My mother-in-law, in addition to showering us (and particularly Baby B) with gifts, also filled our refrigerator and freezer to the point of bursting. I think, at a casual estimate, that we won't have to shop for two weeks, giving our bank account time to recover a bit from Christmas and a larger-than-usual number of bills (health insurance, non-optional home repairs, etc).
The old Mr. and Mrs. B would have shrugged and said "Yeah, whatever," and gone shopping anyway, buying whatever struck our fancy, and wasting half of what was in there. Not any more! The new, thrifty, frugal Mr. and Mrs. B decided to set themselves a challenge: absolutely no grocery shopping at all until our Christmas haul is used up.
The only exceptions to this rule are:
- Milk (can't really get along without that when you have a toddler: doctor's orders)

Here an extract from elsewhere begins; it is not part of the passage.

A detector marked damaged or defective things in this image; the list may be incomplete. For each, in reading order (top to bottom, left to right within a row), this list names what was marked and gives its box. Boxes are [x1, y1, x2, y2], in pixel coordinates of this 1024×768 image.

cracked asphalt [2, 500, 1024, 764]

- Essential bathroom supplies (you know what I'm talking about)
- If we run out of vegetables, I'm allowed to go and buy raw broccoli
The food we have includes:
- Stew beef
- Chicken thighs
- 2 lbs shrimp
- 1 pork tenderloin
- Lots of frozen vegetables
- Lots of frozen berries
- 1 package frozen dumplings, Chinese restaurant-style
- Enough frozen tomato soup for two meals
- Enough spaghetti with shredded chicken and cream sauce for three meals
- Fresh vegetables: mushrooms, arugula, carrots, celery, onions, potatoes, some fresh herbs
- Dairy: milk, cream, lots of cheese, sour cream, yogurt
- Fresh fruits: apples, grapes, oranges
- Baking supplies: flour etc
- Pantry staples: spaghetti, other pasta, brown rice, steel cut oats
- Etc.: nuts, dates, crackers upon crackers upon crackers, pretzels
- Odd things: lard. Ye gods, lard. 1 lb of my mother-in-law's homemade sugar cookie dough, plus a bag full of jars of frosting and decorations and cookie cutters, evidently to be a fun project for us to do with Baby B. (I admit, we have scandalously neglected her education in the art of cookie-baking. Is it un-American that we don't terribly love cookies?)

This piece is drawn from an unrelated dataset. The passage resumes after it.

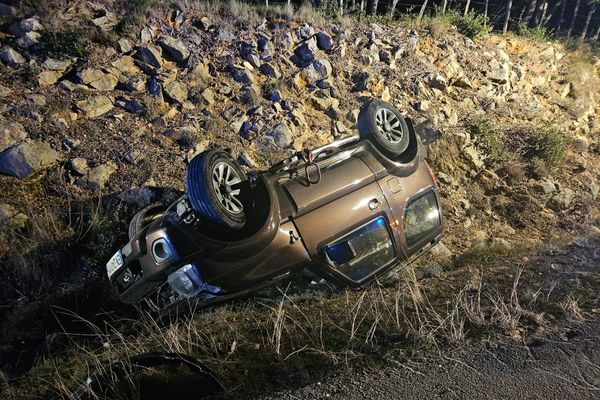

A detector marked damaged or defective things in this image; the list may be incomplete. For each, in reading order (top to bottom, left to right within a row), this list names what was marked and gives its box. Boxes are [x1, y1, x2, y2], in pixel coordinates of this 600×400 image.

overturned car [108, 98, 442, 314]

- Cans: chicken broth, beef broth, cream of something soup
In other words, not necessarily all the things we'd personally buy, but we're immensely grateful for them, and will use them all up.
Honestly, the thing that scares me the most is the canned cream soup. Cream of celery, I think. I've never cared for cream of anything soup in a can, because it seems salty, bland, and chemical-tasting to me. I know a lot of American casseroles start with a can of creamy soup, so there must be some way of making it better. One of the meals my sainted mother-in-law left was the aforementioned spaghetti with shredded chicken in a cream of mushroom soup-based sauce, which at first seemed like it wasn't really our sort of thing, but then we discovered that we had an ancient, almost-empty bottle of sriracha lurking in the back of the refrigerator, and that livened it up considerably.

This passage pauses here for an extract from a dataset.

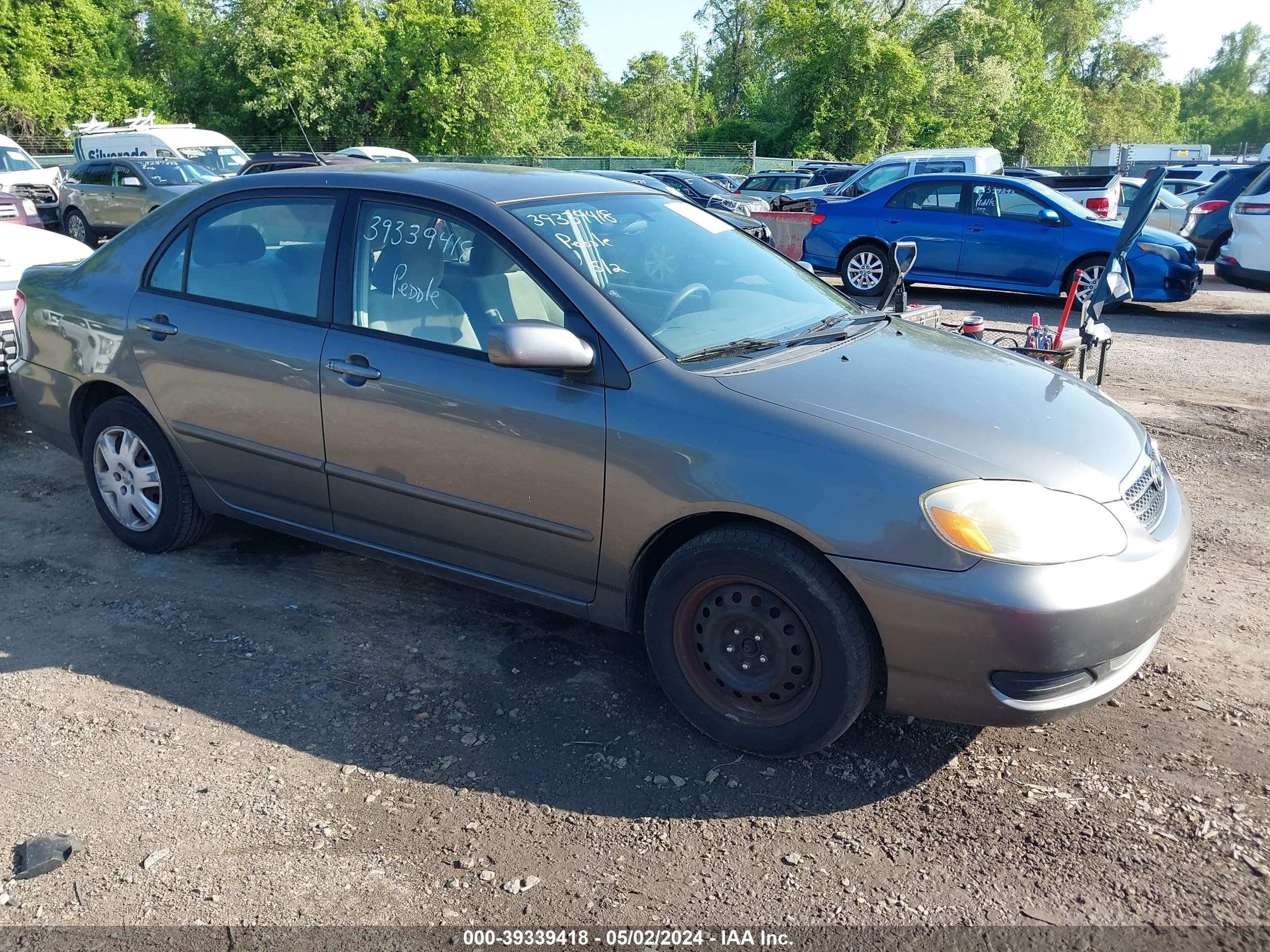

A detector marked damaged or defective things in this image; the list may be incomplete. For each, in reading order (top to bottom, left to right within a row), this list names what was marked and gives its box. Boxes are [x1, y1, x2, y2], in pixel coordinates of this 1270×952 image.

rusty steel wheel [670, 579, 820, 725]
rusty steel wheel [639, 524, 880, 757]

Tomorrow night's dinner is going to be a recipe she left for us, which is called a pie but really looks as if it's more of a cobbler. You're supposed to make a beef and mushroom stew, and then bake it with biscuits on top. The biscuits are what the lard is for.
Speaking of which. Lard! I've never used or knowingly eaten lard in my life, but the recipe calls for it, and my mother-in-law bought it for us, so I'm going to overcome my trepidation and try it out. I didn't know my mother-in-law ever cooked with it herself--I thought she was more of a Crisco fan--but she told me that Crisco is getting phased out because it has trans fats, and she thinks lard might work for her pie crusts and so on. I've also heard good things about coconut fat. I seldom make pie crusts, and when I do, I use butter, so I expect we'll probably consign the leftover lard to a murky corner until I can think up another use for it. (The old Mrs. B would have thrown it out; the new Mrs. B is determined to waste not, want not.)
So I'll keep you posted on all the things we're going to eat, as we plan them out.